For some twenty years, moreover, Ernie Watts was a distinctive regular in Doc Severinsen's big band on the Johnny Carson show.
Asked about the scope of his musical associations, Ernie Watts has said: "What I do is a very high level of craft. It's still my sound and it's still my energy, so whatever the language - rhythm and blues dialect, the be-bop dialect, the big band dialect, or the fusion dialect, the sound I get on the instrument is my voice..."
"There's nothing wrong with wanting to play rock and roll, and R&B, and be-bop, and fusion, too. If you ever talked to Coltrane or Charlie Parker about their music, you would have seen they were open to all kinds of music."
Indeed, Bird was a great fan of country music. Why? "Listen to the stories." he explained. "Listen to the stories."
And listen to the stories on this Ernie Watts set - to me the most continually deeply energizing jazz session he has ever recorded. The rhythm section - drummer Jack DeJohnette, bassist Charles Fambrough and pianist Mulgrew Miller - have the skills, drive and soul to keep up with Ernie Watts' cascading ideas and emotions.
On to number - Reaching Up and The High Road - Arturo Sandoval, another jazzman that never lets up, joins the group. Says Watts about Sandoval: "When we first met, it was like we had known each other forever. Music is just an extension of your life. So if you don't get along well off the stage, you generally don't play too well together on the stage."
Throughout the album, it's clear that Ernie Watts and his instruments are one. He has pointed out that you need to get to the point where you are so comfortable on the instruments that you don't feel any resistance when you are playing. Improvising is like talking. If you think about where the "T" in talk is then the idea is gone, and you're somewhere else in the conversation."
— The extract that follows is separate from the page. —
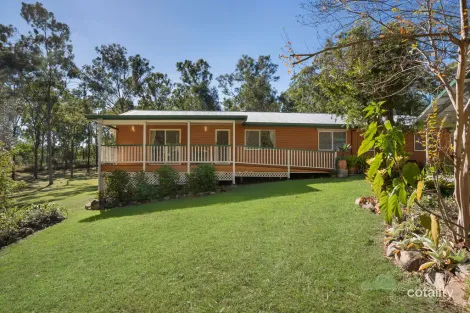 145 CHARLWOOD RD, ARATULA, QLD 4309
William Butler Yeats once wrote a poem in which he noted that the highest expression of art is when you can't tell the dancer from the dance, so seamless is the performance. Similarly, Charles Mingus told me once that at a liberating point in his development, he no longer thought in terms of playing the bass; he was playing music. He and the bass had joined, and then, as Ernie Watts puts it, "you don't feel any resistance when you're playing."
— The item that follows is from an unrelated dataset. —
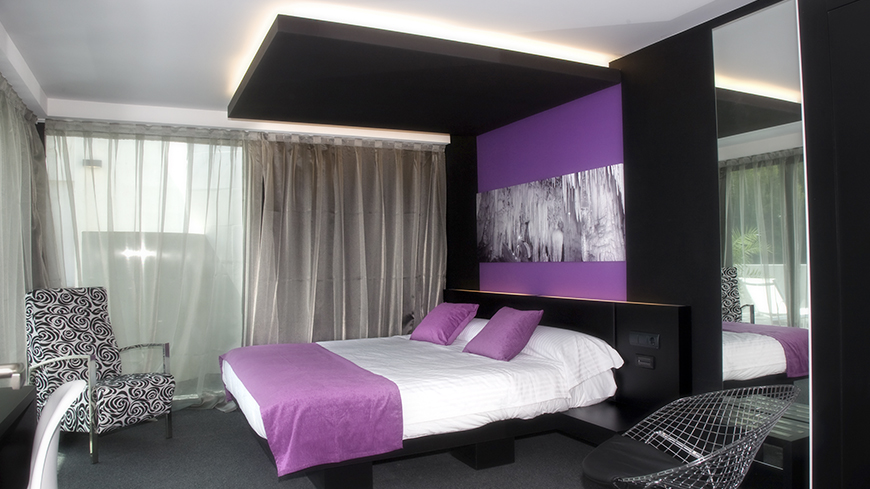 HOTEL PLAYA RIBERA 13/42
What comes through in this set is Ernie Watts' essential lyricism - no matter the tempo or the tune. Way back, before jazz had a name, people in the South listening to the earliest improvisers on various horns, called them "songsters" because they sang on their instruments. That's what I mean by Ernie Watts' fundamental lyricism. I have never, for instance, heard so transforming and passionately singing a version of I Hear A Rhapsody as Ernie Watts' here.
There are some players with Ernie Watts' total command of an instrument who focus more on showing their technical prowess than on creating music. They tend to equate showers of notes with saying something. But Watts is always saying something - as musicians used to put it - through that mastery of his horn.
Also, he is never in the least tentative. His authority comes though clearly from note one. And he swings like a tidal wave. Indeed, the depth and strength of his jazz time reminds me of hearing Ben Webster one night on a gig where the club owner supplied the local rhythm section. Those players were not making it. So Ben waved them to be silent and proceeded to implement his credo: "If the rhythm section isn't making it, go for yourself."
And he did. He swung that whole room all by himself. If he had to, Ernie Watts could do that too.